Blair Underwood Presents From Cape Town with Love

Advertisement

You hate breaking promises.

It’s not the look you see on the face of the person you’ve disappointed that bothers you–although that’s bad enough. And it’s not that you have a personal reputation to defend, but you do.

The problem with breaking promises is the guilt you’ll never assuage until you’ve made things better. And in the new book “Blair Underwood Presents From Cape Town with Love” by Underwood, Tananarive Due, and Steven Barnes, that “making better” part could get Tennyson Hardwick killed (c.2010, Atria, $25/$32.99 Canada. 365 pages).

Tennyson “Ten” Hardwick had a hard time following the knife. It stabbed the air quickly, like a sewing machine needle more than a weapon in the hands of a slight, bald man. But the display was no parlor trick: Ten knew a threat when he saw one.

Then, snakelike, the man melted into the crowd and Ten’s mind was back on the job, keeping the throng away from rich, gorgeous Sofia Maitlin as she hurried into the South African orphanage.

Maitlin had hired him to protect her as she visited the child she was adopting, and Ten took his work seriously.

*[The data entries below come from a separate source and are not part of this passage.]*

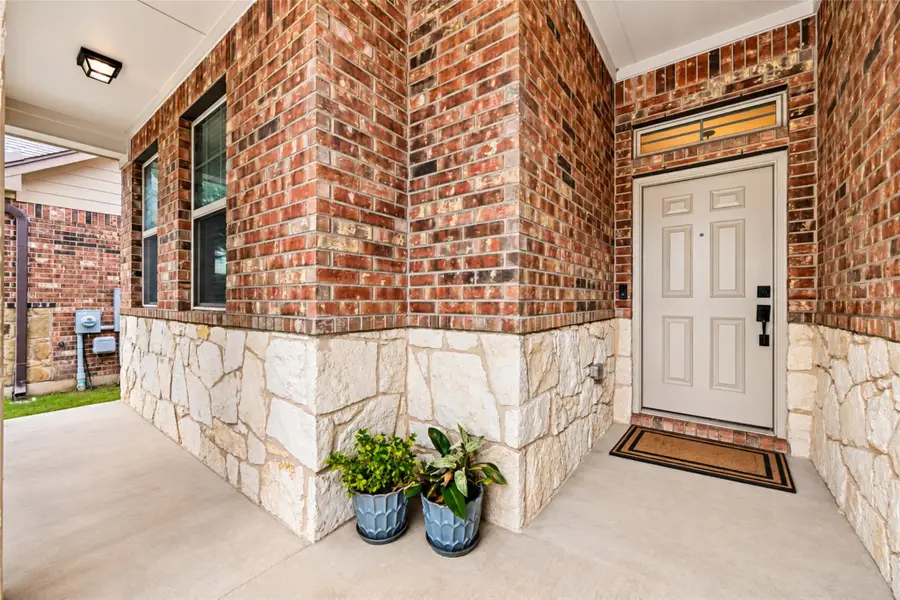 454 Patriot Dr, Buda, TX 78610 - #3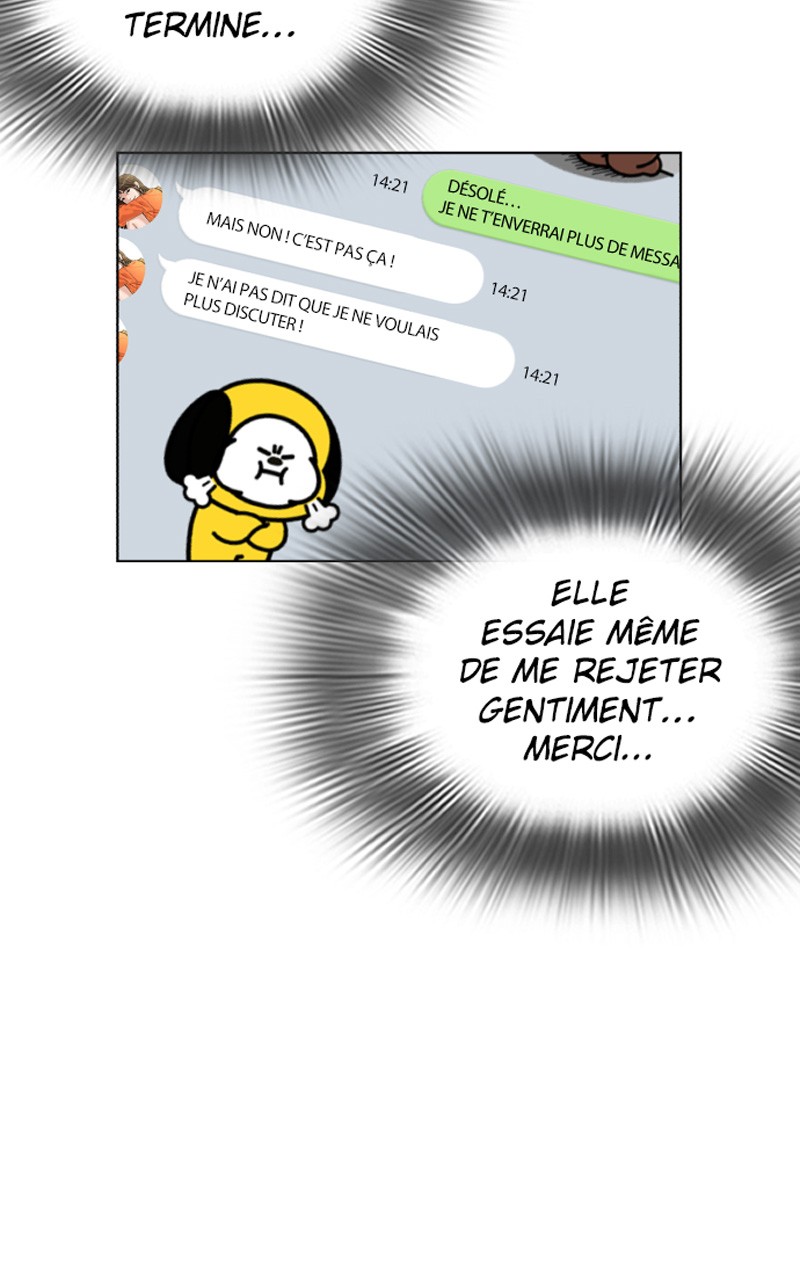 Read How To Fight vf Manga Online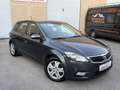 Kia Ceed / cee'd 1.4i 12 Mois de Garantie Grijs - thumbnail 2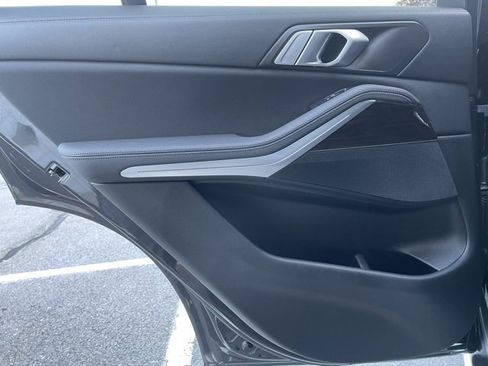 Used 2019 BMW X5 xDrive40i w/ Premium Package 2 image 25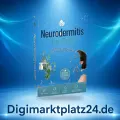 Buch: Neurodermitis im Griff
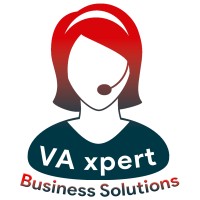 VAxpert Business Solutions logo - Similar company to Nimble Global Services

Months later, the memory of that knife bothered Ten with a nagging unease. He’d since reconnected with an old high-school classmate who was beautiful, smart, and gave him plenty else to think about, but that disquiet returned afresh when Maitlin hired him to work security at her daughter Nandi’s birthday party.

Two hundred Hollywood parents and children were at the party, along with dozens of caterers and service workers. There were clowns at this party, carnies, and two elaborate inflatable bouncy-ships with lots of places for kids to hide – a security nightmare, in other words. And when the worst can happen, it always does.

Little Nandi was playing on an inflatable bouncy-ship where she went in but didn’t come out. A frantic afternoon search turned up nothing but an adult-sized hole in a back fence, and a hair ribbon the child had worn.

The ransom call came that evening. The kidnappers wanted $5 million, then more. And a little girl cried into the phone …

Hot enough for ya? No? Then turn up the heat because “From Cape Town with Love” grabs you by the shirtfront on page one, slams you into the action with no apology, and pins you there.

In this third book of the Tennyson Hardwick series, authors Blair Underwood, Tananarive Due, and Steven Barnes give readers a further peek into their main character’s personality while still preserving his sense of mystery. Bodyguard, sometime-actor, and former gigolo Tennyson Hardwick is cooler than a glacier, a man’s man who can’t resist women or responsibility but who has a soft spot that he’s not afraid to show. An enigmatic guy like that is hard to resist, so don’t even try.

Although this novel can be read as a stand-alone book, reading the previous two will give you a better frame of reference. You won’t mind, though, because “From Cape Town with Love” gives your summer so much more promise.